Leona Meddaugh, of Germantown, Maryland, is the primary caregiver for her two grandsons Zeki and Oberron Evans-El, 8 and 9, who both have Attention Deficit Hyperactivity Disorder and other special needs.
When the coronavirus outbreak worsened, they were suddenly home from school full-time, and she had difficulties balancing their care and schooling in their home.
“It has changed our lives tremendously,” said Meddaugh of their schedule since the coronavirus outbreak closed schools and the before and aftercare centers for the boys. “It’s very overwhelming with the schooling. Both boys are very different with their mood swings, so they require very specialized care — a lot of one-on-one focus.”
Meddaugh is now getting help from The Arc Montgomery County, a nonprofit that helps provide respite care to families that have children with special needs.
The organization usually has an income requirement for its program, but that has been waived to help families that now are schooling children with special needs at home.
“Caregiving is a very demanding and stressful responsibility and care providers need the opportunity to get relief from their caregiver duties,” said Julia Abate, respite care coordinator for The Arc Montgomery County. “This provides some short-term breaks so they can renew and restore a sense of balance in their life.”
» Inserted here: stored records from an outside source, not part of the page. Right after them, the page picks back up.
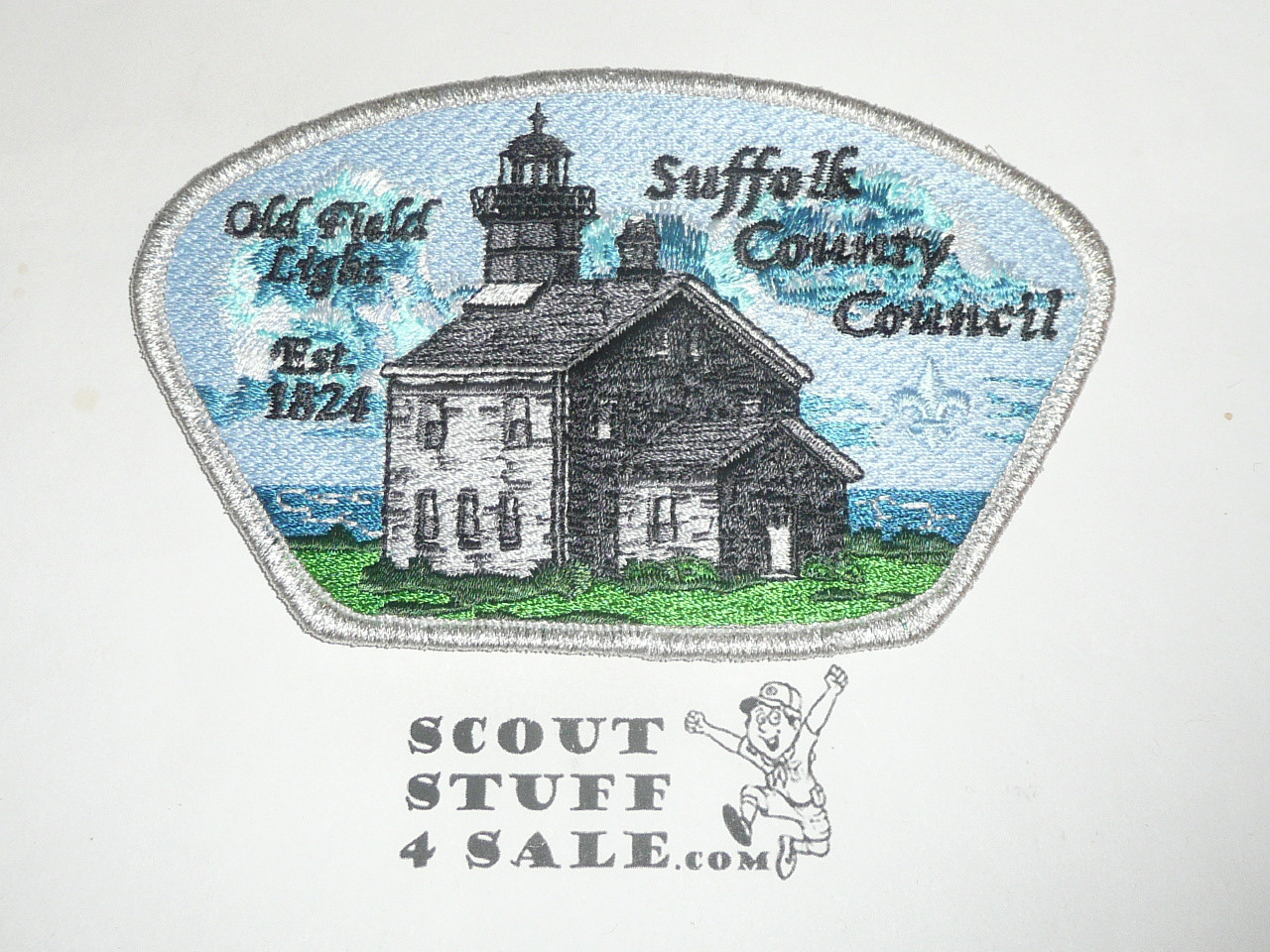 Suffolk County Council sa47 CSP, Old Field Lighthouse - Scout
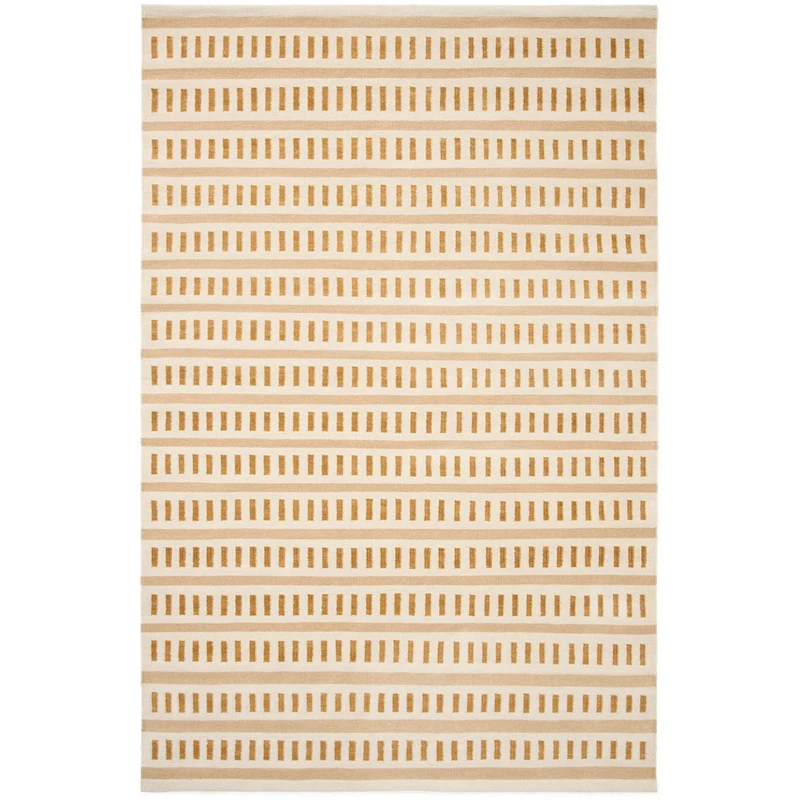 Ladakh Uldgulvtæppe 230x320 cm, Offwhite / Beige / Masala Yellow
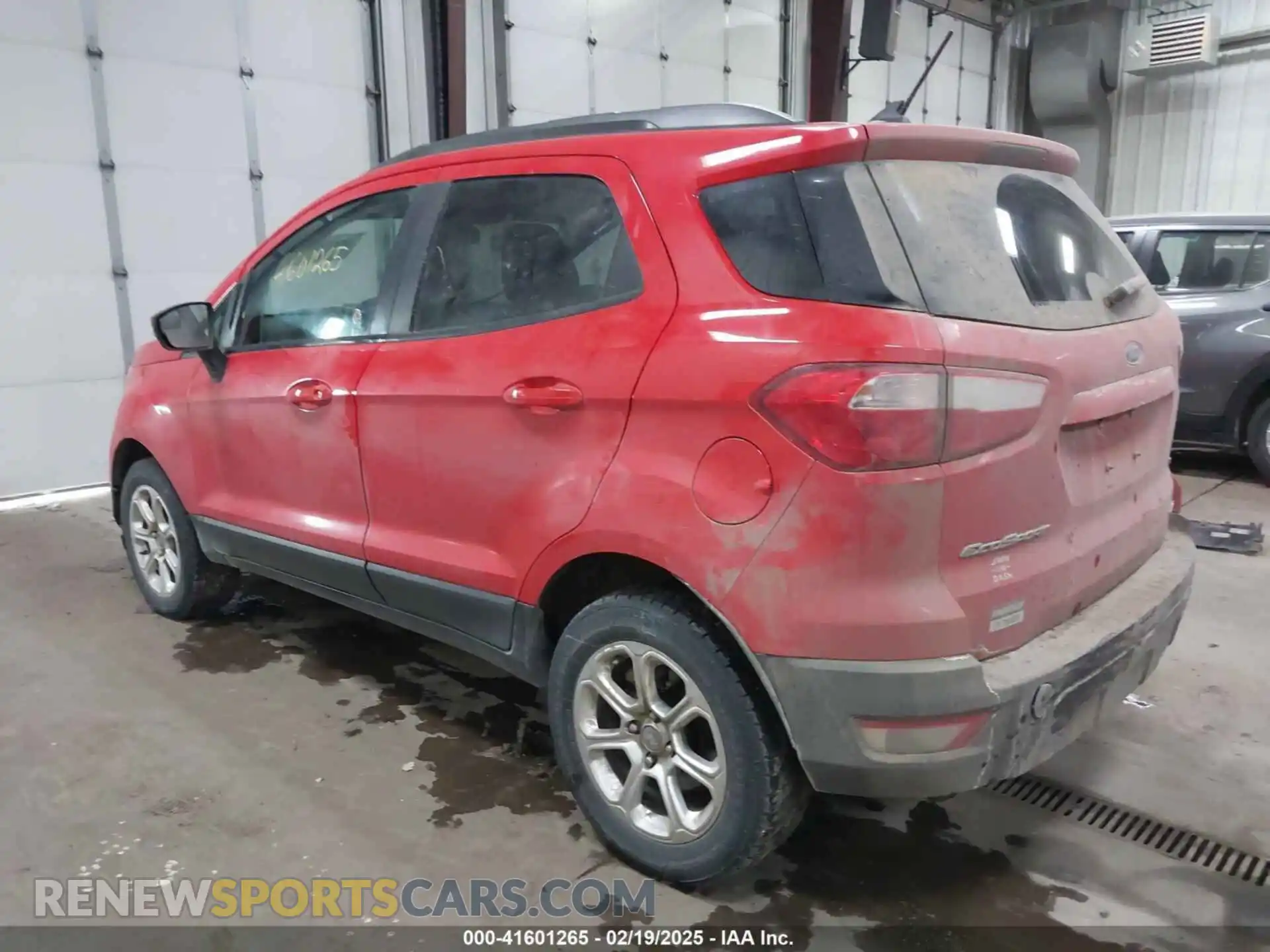 3 Photograph of a damaged car MAJ6S3GL2KC290237 FORD ECOSPORT 2019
The program usually is meant only to provide a break to families, so it is not for people working from home, but Abate said that with the ongoing coronavirus pandemic, they are now helping to give parents a break from care to do what they need to do for their jobs.
The limit is usually 140 hours per fiscal year from July 1 through June 30, but now, The Arc is helping families find and fund health care providers for free for 40 hours or more each month, depending on the situation.
“We do have strict guidelines, but we’ve been very fortunate to work closely with Montgomery County Department of Health and Human Services to make exceptions so we can help more families,” Abate said.
The organization doesn’t provide the health care providers themselves but helps to coordinate and organize connecting families with home health care agencies that best fit. Families of children with special needs can apply on the organization’s website.
Meddaugh said the program has been extremely helpful, especially with keeping their school video lessons up as schools are closed.
“They wear gloves and masks and they take great, great care of my boys,” Meddaugh said. “I’m beyond grateful for how they’re helping my family.”